> **Source material**
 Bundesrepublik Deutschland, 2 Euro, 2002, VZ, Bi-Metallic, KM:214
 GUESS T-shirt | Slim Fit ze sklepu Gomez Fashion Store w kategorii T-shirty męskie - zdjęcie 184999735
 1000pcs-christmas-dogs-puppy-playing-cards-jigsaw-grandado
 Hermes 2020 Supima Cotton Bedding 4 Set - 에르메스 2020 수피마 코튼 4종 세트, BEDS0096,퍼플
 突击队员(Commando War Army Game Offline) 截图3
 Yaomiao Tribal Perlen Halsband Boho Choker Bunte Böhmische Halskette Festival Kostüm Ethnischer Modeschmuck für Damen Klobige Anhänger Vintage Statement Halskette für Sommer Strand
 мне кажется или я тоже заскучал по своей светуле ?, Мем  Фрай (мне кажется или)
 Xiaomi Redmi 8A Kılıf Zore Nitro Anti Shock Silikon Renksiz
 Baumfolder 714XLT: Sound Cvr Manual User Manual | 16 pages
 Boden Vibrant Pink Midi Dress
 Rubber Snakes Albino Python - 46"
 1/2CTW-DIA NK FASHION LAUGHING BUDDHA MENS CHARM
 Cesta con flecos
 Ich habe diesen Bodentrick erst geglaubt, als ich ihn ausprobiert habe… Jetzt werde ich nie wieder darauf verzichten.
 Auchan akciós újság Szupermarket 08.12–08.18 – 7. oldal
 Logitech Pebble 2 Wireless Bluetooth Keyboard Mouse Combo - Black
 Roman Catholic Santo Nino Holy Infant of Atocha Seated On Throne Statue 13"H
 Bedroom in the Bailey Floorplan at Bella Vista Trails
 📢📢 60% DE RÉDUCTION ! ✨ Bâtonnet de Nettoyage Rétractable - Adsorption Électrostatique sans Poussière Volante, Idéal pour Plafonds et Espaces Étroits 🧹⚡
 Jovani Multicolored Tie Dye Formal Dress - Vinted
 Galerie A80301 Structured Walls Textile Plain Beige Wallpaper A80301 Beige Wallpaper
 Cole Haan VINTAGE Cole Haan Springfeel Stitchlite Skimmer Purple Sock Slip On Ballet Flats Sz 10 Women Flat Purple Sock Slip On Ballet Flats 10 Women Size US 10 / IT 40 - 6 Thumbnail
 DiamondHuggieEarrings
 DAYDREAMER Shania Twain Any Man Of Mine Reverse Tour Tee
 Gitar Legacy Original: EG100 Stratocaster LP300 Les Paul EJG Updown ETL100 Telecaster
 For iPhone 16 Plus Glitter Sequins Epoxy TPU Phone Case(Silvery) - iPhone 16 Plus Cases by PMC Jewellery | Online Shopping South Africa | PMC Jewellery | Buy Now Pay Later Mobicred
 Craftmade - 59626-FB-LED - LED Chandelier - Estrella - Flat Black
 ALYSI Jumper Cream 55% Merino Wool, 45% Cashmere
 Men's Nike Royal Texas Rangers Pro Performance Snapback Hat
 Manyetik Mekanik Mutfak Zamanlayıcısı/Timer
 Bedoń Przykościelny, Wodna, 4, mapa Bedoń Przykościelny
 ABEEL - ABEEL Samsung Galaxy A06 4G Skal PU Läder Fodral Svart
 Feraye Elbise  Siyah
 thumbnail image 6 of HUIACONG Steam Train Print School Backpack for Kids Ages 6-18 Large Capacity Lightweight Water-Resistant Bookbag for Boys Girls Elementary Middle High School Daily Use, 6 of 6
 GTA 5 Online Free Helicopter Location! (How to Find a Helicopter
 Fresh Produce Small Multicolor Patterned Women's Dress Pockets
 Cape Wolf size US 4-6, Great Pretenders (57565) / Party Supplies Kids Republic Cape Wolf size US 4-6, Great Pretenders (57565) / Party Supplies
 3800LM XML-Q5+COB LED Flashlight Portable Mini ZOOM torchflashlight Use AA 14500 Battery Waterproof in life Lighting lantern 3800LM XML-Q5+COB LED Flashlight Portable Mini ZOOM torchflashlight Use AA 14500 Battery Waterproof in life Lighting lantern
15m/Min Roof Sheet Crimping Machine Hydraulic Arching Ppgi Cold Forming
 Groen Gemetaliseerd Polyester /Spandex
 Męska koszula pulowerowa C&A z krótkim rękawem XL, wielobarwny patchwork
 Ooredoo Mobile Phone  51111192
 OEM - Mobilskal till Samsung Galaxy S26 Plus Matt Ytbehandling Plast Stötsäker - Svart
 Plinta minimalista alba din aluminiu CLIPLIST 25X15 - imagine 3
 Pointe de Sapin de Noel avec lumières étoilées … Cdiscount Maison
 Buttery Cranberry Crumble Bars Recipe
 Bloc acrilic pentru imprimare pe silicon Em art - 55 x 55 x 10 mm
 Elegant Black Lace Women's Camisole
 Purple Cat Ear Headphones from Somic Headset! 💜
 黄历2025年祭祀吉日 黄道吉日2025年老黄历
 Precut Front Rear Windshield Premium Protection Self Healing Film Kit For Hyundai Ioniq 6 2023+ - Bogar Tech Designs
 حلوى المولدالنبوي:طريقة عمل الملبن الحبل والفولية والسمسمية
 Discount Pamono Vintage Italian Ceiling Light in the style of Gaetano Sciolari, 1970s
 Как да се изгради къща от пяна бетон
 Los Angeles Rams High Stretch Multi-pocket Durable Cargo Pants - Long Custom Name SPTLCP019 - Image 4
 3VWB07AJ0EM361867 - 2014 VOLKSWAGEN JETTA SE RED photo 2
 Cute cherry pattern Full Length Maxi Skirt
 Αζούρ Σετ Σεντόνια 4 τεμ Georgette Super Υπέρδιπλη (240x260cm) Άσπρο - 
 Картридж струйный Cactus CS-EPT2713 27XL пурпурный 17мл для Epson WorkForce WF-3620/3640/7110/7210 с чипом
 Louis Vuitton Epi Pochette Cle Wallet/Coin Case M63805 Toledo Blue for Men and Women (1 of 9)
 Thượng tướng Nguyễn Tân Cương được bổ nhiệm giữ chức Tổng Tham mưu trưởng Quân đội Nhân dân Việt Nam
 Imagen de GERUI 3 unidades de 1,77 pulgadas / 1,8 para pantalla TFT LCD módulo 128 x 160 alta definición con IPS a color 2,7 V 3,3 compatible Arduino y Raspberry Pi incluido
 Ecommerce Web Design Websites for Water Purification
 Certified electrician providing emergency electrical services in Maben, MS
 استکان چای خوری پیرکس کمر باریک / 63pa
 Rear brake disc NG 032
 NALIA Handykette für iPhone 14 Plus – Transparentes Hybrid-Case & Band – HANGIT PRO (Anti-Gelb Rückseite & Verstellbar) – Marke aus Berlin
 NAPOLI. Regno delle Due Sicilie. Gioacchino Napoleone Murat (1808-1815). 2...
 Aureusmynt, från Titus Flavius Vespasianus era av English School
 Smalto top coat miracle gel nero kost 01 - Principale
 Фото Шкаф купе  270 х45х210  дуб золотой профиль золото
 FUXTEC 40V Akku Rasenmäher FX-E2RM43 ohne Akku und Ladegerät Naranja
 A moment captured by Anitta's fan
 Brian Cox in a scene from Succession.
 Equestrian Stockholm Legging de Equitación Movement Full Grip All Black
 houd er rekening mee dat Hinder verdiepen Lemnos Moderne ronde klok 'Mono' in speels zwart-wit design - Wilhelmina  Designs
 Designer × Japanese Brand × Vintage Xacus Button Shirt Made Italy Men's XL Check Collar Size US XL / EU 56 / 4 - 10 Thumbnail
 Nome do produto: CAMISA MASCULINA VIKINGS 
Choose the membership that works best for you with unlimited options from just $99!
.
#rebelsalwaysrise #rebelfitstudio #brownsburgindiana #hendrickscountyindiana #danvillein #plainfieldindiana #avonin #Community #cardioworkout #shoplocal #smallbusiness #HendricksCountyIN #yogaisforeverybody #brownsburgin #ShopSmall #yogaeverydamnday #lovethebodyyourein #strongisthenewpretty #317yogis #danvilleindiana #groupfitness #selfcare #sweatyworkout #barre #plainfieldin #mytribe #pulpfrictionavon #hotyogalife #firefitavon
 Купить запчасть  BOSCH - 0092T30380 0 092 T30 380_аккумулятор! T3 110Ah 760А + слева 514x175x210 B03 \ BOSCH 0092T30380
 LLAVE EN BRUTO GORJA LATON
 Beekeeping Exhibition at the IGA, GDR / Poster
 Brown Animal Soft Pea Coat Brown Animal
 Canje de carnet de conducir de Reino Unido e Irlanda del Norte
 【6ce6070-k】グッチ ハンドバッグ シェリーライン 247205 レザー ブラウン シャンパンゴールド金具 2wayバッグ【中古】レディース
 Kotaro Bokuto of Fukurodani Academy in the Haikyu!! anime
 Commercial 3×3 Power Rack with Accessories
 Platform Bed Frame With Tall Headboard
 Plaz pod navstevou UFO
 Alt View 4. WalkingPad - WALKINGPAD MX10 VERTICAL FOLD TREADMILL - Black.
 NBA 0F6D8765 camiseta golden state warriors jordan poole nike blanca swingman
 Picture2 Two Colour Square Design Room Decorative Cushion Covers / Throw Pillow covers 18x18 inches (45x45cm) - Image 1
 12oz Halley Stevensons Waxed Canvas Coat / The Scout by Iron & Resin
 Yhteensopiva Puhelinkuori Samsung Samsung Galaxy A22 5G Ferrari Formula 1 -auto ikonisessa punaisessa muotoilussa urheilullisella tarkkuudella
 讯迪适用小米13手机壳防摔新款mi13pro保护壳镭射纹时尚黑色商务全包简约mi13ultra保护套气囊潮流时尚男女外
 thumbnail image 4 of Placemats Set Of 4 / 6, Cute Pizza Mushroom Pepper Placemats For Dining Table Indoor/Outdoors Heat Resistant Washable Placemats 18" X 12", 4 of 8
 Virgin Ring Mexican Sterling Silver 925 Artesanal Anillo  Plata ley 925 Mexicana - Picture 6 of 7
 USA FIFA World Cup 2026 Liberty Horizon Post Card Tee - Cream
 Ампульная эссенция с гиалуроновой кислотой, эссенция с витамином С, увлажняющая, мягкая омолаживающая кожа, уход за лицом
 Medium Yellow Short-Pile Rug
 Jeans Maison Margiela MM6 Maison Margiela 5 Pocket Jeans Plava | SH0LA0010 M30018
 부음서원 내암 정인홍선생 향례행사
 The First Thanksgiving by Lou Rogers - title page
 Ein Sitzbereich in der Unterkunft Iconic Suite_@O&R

> **What this task involves**
Restate word for word the entries above, starting at the line with "Męska koszula pulowerowa" and ending at the line with "NALIA Handykette für", inclusive, and no others.

> **Solution for this problem**
 Męska koszula pulowerowa C&A z krótkim rękawem XL, wielobarwny patchwork
 Ooredoo Mobile Phone  51111192
 OEM - Mobilskal till Samsung Galaxy S26 Plus Matt Ytbehandling Plast Stötsäker - Svart
 Plinta minimalista alba din aluminiu CLIPLIST 25X15 - imagine 3
 Pointe de Sapin de Noel avec lumières étoilées … Cdiscount Maison
 Buttery Cranberry Crumble Bars Recipe
 Bloc acrilic pentru imprimare pe silicon Em art - 55 x 55 x 10 mm
 Elegant Black Lace Women's Camisole
 Purple Cat Ear Headphones from Somic Headset! 💜
 黄历2025年祭祀吉日 黄道吉日2025年老黄历
 Precut Front Rear Windshield Premium Protection Self Healing Film Kit For Hyundai Ioniq 6 2023+ - Bogar Tech Designs
 حلوى المولدالنبوي:طريقة عمل الملبن الحبل والفولية والسمسمية
 Discount Pamono Vintage Italian Ceiling Light in the style of Gaetano Sciolari, 1970s
 Как да се изгради къща от пяна бетон
 Los Angeles Rams High Stretch Multi-pocket Durable Cargo Pants - Long Custom Name SPTLCP019 - Image 4
 3VWB07AJ0EM361867 - 2014 VOLKSWAGEN JETTA SE RED photo 2
 Cute cherry pattern Full Length Maxi Skirt
 Αζούρ Σετ Σεντόνια 4 τεμ Georgette Super Υπέρδιπλη (240x260cm) Άσπρο - 
 Картридж струйный Cactus CS-EPT2713 27XL пурпурный 17мл для Epson WorkForce WF-3620/3640/7110/7210 с чипом
 Louis Vuitton Epi Pochette Cle Wallet/Coin Case M63805 Toledo Blue for Men and Women (1 of 9)
 Thượng tướng Nguyễn Tân Cương được bổ nhiệm giữ chức Tổng Tham mưu trưởng Quân đội Nhân dân Việt Nam
 Imagen de GERUI 3 unidades de 1,77 pulgadas / 1,8 para pantalla TFT LCD módulo 128 x 160 alta definición con IPS a color 2,7 V 3,3 compatible Arduino y Raspberry Pi incluido
 Ecommerce Web Design Websites for Water Purification
 Certified electrician providing emergency electrical services in Maben, MS
 استکان چای خوری پیرکس کمر باریک / 63pa
 Rear brake disc NG 032
 NALIA Handykette für iPhone 14 Plus – Transparentes Hybrid-Case & Band – HANGIT PRO (Anti-Gelb Rückseite & Verstellbar) – Marke aus Berlin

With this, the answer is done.